Nachdem ich kurz zuvor die Straße überquerte, stehe ich plötzlich und unmittelbar in einer Menschenmenge. Gerade ist das Ende einer abendlichen Filmvorführung unter freiem Himmel, hier im Park vor dem Rathaus von Wien zu Ende gegangen und alle wenden sich jetzt den vielen Ständen mit Getränken und kulinarischen Genüssen zu. Die Menschen stehen sehr eng beieinander. Es sind sehr viele auf engem Raum und alle reden miteinander. Noch ein paar Schritte und ich dringe ein in eine akustische Sprachwolke: Überlagerungen von Wortfetzen, Gelächter und halben Sätzen.

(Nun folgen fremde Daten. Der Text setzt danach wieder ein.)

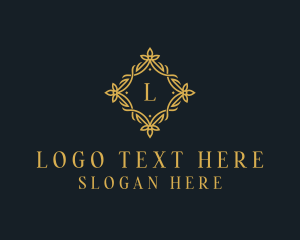 Elegant Floral Boutique logo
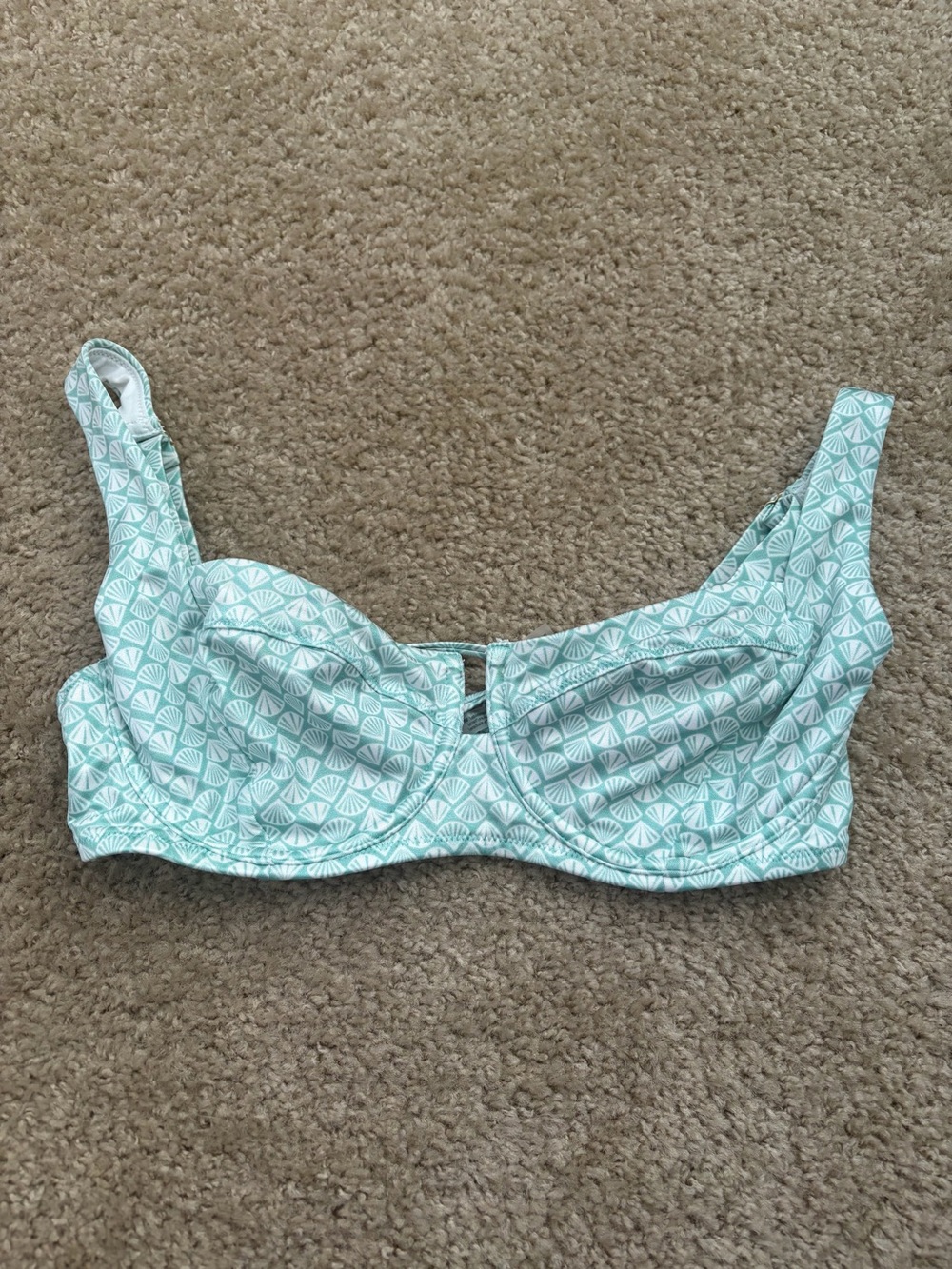 Victoria's Secret Unlined Bikini Top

Die Enge ist so extrem, dass ich mich sehr nah an den Worten und hörbaren Gesten der Anderen vorbeibewege. Ich komme kaum vorwärts, werde eingeklemmt, weitergeschoben, bis sich eine nächste Lücke ergibt. Manchmal verstehe ich ganze Sätze, meistens aber nur Fragmente. Die Worte sind ganz nah an meinem Ohr und es ist so, als ob es alle Worte an diesem Ort wären, alle Worte und gleichzeitig; die, direkt neben mir und die, ein Stück weit weg und die Summe aller Worte eines Augenblicks an diesem Ort. Eine wunderbare und undurchdringliche Dichte menschlicher Verlautbarungen, wie ein Teppich, der sich zu einem Hörraum aus Sprache und Kommunikation in die Höhe stülpt. Hinter mir, vor mir und um mich herum in jeder Richtung existiert dieses Dichte, diese pausenlose Vielfalt der Addition. Ein unvergleichlicher Zustand entsteht beim Hinübergleiten in dieses Hörphänomen fernab jeglicher inhaltlicher Haltegriffe. Permanent hallen die konkreten Worte in einer Wolke von sprachlichem Getöse nach. Aus einiger Entfernung, wenn der direkte Kontakt zur Verständlichkeit sich verflüchtigt, wird der gesamte Platz mit allen Menschen zu einer großen auditiven Bewegung im Raum der Stadt, weit weg vom Akut der eben noch nahen Einflüsterung beim Versuch der Durchquerung.